Count how many lines of the material below have the word "Avenue" and give only the number.
BEGIN
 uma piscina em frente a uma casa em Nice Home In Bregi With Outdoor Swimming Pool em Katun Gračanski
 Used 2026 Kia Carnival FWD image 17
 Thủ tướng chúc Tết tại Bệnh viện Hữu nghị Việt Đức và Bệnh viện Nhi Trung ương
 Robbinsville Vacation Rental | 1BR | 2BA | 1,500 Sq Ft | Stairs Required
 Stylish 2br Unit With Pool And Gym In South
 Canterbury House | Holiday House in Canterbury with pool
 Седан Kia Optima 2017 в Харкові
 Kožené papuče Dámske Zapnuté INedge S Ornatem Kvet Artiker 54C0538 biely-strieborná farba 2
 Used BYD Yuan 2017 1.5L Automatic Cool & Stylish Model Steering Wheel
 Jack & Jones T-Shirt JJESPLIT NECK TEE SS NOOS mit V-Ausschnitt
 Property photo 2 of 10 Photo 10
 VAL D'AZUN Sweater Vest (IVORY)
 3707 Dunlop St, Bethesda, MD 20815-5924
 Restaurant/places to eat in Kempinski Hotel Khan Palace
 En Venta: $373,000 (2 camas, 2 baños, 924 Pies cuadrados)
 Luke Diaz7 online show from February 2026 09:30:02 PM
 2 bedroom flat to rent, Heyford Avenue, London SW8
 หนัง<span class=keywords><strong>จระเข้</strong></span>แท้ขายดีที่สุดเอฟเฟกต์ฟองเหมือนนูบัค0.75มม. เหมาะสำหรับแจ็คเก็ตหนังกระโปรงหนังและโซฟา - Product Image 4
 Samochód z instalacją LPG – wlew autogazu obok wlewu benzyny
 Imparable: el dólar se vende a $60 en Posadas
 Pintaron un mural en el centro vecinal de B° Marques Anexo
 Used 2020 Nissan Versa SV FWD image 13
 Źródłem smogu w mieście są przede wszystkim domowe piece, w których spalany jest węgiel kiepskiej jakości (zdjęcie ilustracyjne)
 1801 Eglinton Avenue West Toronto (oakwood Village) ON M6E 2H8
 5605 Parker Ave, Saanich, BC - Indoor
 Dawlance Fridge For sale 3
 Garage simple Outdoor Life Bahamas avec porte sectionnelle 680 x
END
> _Result for this exercise_: 2